Book Review: Eat, Pray, Love
February 17, 2016
Karlee Avery
In “Eat, Pray, Love,” author Elizabeth Gilbert writes about traveling the world on a year-long journey of self-inquiry. She travels to Italy, India and Indonesia to pursue happiness, devotion and the balance of the two.
The book begins by revealing Gilbert’s collapsing marriage, which ultimately ends in divorce. During her divorce, she spends most of her nights crying on her bathroom floor. Since she is depressed, she doesn’t eat a lot, therefore, she loses a significant amount of weight.
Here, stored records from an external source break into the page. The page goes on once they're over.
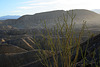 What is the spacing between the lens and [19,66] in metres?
4.88

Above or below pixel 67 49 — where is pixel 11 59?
below

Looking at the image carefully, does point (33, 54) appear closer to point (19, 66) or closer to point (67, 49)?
point (19, 66)

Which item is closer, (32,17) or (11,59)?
(11,59)

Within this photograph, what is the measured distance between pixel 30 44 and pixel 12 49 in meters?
2.63

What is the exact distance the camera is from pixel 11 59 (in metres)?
5.02

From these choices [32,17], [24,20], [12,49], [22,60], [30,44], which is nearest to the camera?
[22,60]

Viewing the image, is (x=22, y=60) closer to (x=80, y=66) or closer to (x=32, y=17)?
(x=80, y=66)

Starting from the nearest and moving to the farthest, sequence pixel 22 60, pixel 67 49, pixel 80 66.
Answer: pixel 67 49 < pixel 80 66 < pixel 22 60

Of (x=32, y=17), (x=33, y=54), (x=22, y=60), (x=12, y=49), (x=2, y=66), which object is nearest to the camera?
(x=2, y=66)

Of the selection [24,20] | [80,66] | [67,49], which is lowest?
[24,20]

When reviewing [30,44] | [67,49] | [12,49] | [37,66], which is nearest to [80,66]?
[67,49]

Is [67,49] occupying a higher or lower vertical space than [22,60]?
higher

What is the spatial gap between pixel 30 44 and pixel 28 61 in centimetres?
388

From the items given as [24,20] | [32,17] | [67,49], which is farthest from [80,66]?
[32,17] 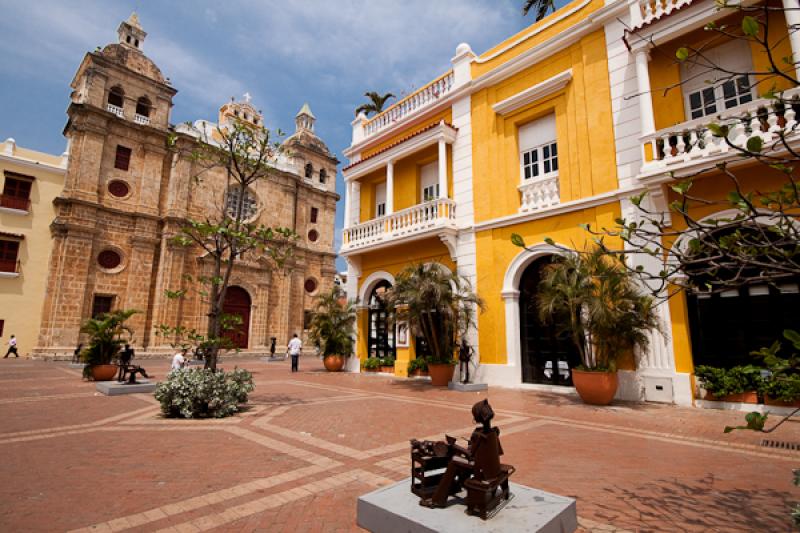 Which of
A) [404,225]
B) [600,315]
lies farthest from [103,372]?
[600,315]

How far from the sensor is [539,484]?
4453mm

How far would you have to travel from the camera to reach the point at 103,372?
12727mm

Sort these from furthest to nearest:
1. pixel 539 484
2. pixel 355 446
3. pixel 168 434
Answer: pixel 168 434 → pixel 355 446 → pixel 539 484

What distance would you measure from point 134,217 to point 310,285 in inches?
533

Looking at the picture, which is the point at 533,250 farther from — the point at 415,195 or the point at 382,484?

After the divorce is finalized, Gilbert moves to Italy a few weeks later. Once in Italy, she eats a lot of food to help her pursue pleasure. She gains 23 pounds, 15 of which are necessary to get her back to a healthy weight.
She lives in Italy for four months before traveling to India to pursue devotion. While there she stays in an Ashram, a place of worship for Hindus and Buddhists. Gilbert plans to stay in the Ashram for only six weeks, but ends up staying there four months.
In India, Gilbert learns the main focus of worship is meditation, through which people can converse with a higher power. After freeing her heart of all its heaviness that’s built up over the years of her divorce and other failed relationships, she leaves India for Indonesia to find the balance of pleasure and devotion.
Once in Indonesia she finds the medicine man she had met two years prior to this current trip. During her previous visit, the medicine man predicted everything that happened to Gilbert in the past two years. When she visits the medicine man a second time, it takes a few minutes for him to remember her, but when he does, he can’t believe she’s the same person. She’s gone from being depressed and thin to content with her life and fuller in the face.
I would recommend “Eat, Pray, Love” to anyone, especially teenagers, since it invites the reader on the exciting journey of one woman’s pursuit of pleasure, devotion and the balance of the two.